Yale
Yale University students and alumni are circulating a petition calling for Calhoun College to be renamed. Pictured: Stillman College appears at Yale in New Haven, Connecticut, Nov. 28, 2012. Reuters

A group of Yale University students and alumni is circulating a petition calling for the school's Calhoun College to be renamed amid a nationwide push to remove the Confederate flag and symbols from public places. As of Monday morning, more than 1,200 people had signed a Google Doc arguing that it's disrespectful for Yale to have a building honoring John C. Calhoun, the 19th century vice president and senator from South Carolina and "one of the most prolific defenders of slavery and white supremacy in American history."

"Like the official display of the Confederate flag in South Carolina, Calhoun College represents an indifference to centuries of pain and suffering among the black population," the petition reads. "It conveys disrespect toward black perspectives and serves a barrier toward racial inclusiveness.
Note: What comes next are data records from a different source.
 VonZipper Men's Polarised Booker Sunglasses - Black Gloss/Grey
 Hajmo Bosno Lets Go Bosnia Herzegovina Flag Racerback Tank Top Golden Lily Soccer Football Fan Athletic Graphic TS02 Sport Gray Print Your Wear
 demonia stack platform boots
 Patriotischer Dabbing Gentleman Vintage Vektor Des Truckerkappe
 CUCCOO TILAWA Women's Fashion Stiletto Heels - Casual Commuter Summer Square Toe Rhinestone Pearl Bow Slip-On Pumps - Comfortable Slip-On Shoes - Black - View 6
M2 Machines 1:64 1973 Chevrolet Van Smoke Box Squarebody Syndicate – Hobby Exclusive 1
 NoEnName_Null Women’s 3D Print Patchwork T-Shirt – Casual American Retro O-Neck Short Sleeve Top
Calhoun College will always preclude minority students from feeling truly at home at Yale."

Calhoun College, one of Yale's 12 residential schools, was named after 1804 alumnus Calhoun in 1932. Its website notes there is no direct link between the college and the statesman, though recent years have seen several efforts to rebrand it. The latest push started in 2006, when a law student suggested hyphenating the title to include the surname of the first black man to graduate with a doctoral degree in the United States: Calhoun-Bouchet College.

But the petitioners want Calhoun's name gone completely. They say Calhoun, who served as vice president from 1825 to 1832 under John Quincy Adams and Andrew Jackson, defended states' rights to practice slavery his entire life. (He died 11 years before the Civil War broke out.) He was "a proud champion of the view that blacks were not equal, could never be equal, and would always be subservient to whites," the petition reads. Calhoun famously defended slavery as a "positive good" rather than a "necessary evil."

The Yale students' demands come amid a wave of protests against Confederate symbols in the U.S. The June 17 massacre at a black church in Charleston by an avowed white racist fueled calls to a sudden movement to remove Confederate flags and symbols from statehouses and stores. Schools have also taken up the debate, with institutions from Houston's Lee High School to South Carolina's Clemson University discussing name changes.

Yale invites the discussion, spokeswoman Karen Peart told the Associated Press about the Calhoun petition. “The tragedy in Charleston, on top of countless preceding tragedies in our country’s history, has elevated public opinion and discourse on difficult subjects that have too long been avoided,” she said.

Roughly 9 percent of Yale's students are black. About 72 percent identify as white.